Serving Vs Hours Won’T Let Me Respond

Business By Red1004 Updated 15 Jan 2019 , 11:17pm by cakefan92

Red1004 Cake Central Cake Decorator Profile
Red1004 Posted 14 Jan 2019 , 10:05pm
post #1 of 4

I have tried and tried to reply to my previous post. I am giving up and doing it here. Thank you all so much for your help! What you have said about pricing by the serving makes perfect sense. It seems obvious now that I would get faster and not be able to charge by the hour with any success. I’ve called a few bakeries in the area and they seem to be charging $4 per serving for buttercream so I’m thinking $3.50 per bc serving for me to start out and $4 or 4.50 for fondant. As far as the fondant sculpting or cake carving im thinking I’m just gonna have to estimate how long it,l take me and wing it. For example, i sculpted 2 detailed trolls for my nieces bday and I figure they took me about 2 and a half or 3 hours apiece so I’d figure that at an hourly rate....right? Y’all are sooo helpful! Very grateful to everyone that replied!

3 replies
-K8memphis Cake Central Cake Decorator Profile
-K8memphis Posted 14 Jan 2019 , 11:04pm
post #2 of 4

 well wait -- sculptures are different kaching kaching -- you can start those out from a minimum price -- like $250 or so -- because what happens is someone will want something say a guitar and you say oh for 30 servings it's (say times $8) that'll be $240 -- then they go -- yeah well we only really need 20 servings -- so you go oh ok that's $160 -- it's the same amount of time involved so if you establish a minimum  you can spend the  time to get it right and make the big wow moment for them -- avoiding the ones who aren't serious in the first place -- "sure I can do a guitar for you -- they start at $250"--  bam -- separating the shoppers from the customers in one easy exchange -- 

you can do minimums for 2-d sculptures and 3- ones and for weddings -- and whatever

but the way I always wanted to work it (I could never be legal from home -- I worked in bakeries mainly) is to have x amount of servings a week for the elaborate work and take orders for a few just regular birthday cakes to sell too -- but it's easy to make a few more cakes when you're baking anyhow -- keep 'em frozen or whatever -- whip 'em out -- slap on décor and you're filling in the blanks there -- you can make a pretty penny if peeps know you can deliver within a couple days for an easy order -- but there's no wrong way necessarily --

but of course you need to be able to say No too -- very important -- 

hope it goes great for you -- keep your prices up -- you'll do wonderful!

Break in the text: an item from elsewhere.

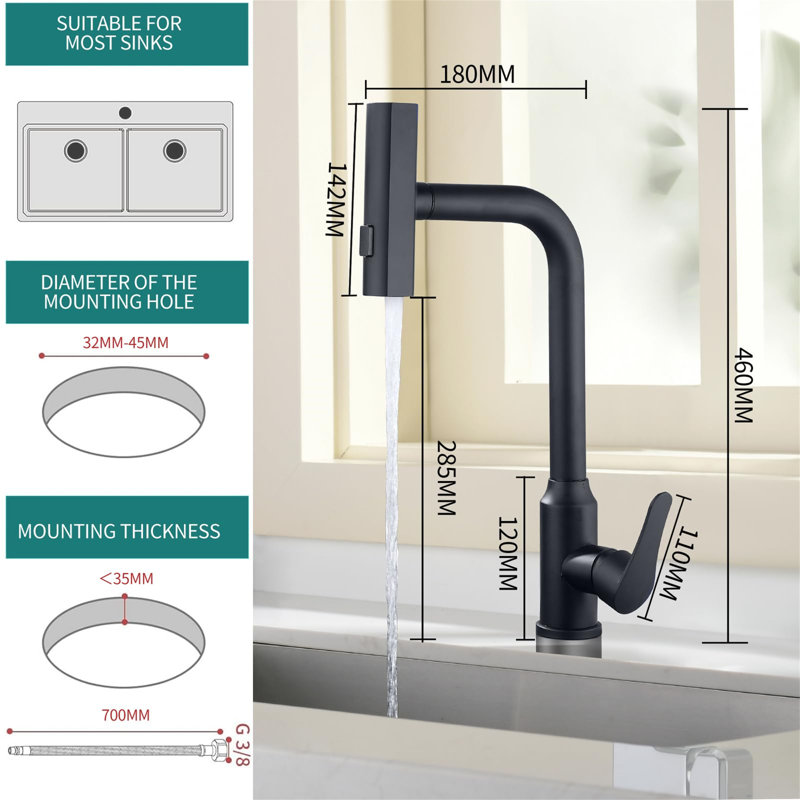 Belfry Kitchen Kitchen Faucet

-K8memphis Cake Central Cake Decorator Profile
-K8memphis Posted 14 Jan 2019 , 11:28pm
post #3 of 4

they will even go lower and say well we really only need 6 servings or something -- and like no nobody's gonna do a guitar cake for 6 servings -- pitiful and you can avoid it with a minimum price like that -- 

don't be afraid to say -- 
oh that will be $1200 

try to get over the idea that things can really add up -- take it in stride

cakefan92 Cake Central Cake Decorator Profile
cakefan92 Posted 15 Jan 2019 , 11:17pm
post #4 of 4

When you're pricing, use a little common sense also.  I had a coworker who ordered her son's birthday cake from a bakery (knowing full well that I did cakes) and she had them put 4 plain fondant stars on the 1/4 sheet cake (among other things). They charged her $5 for each star.  Really?  That seemed a little excessive.  I can see charging extra but come on.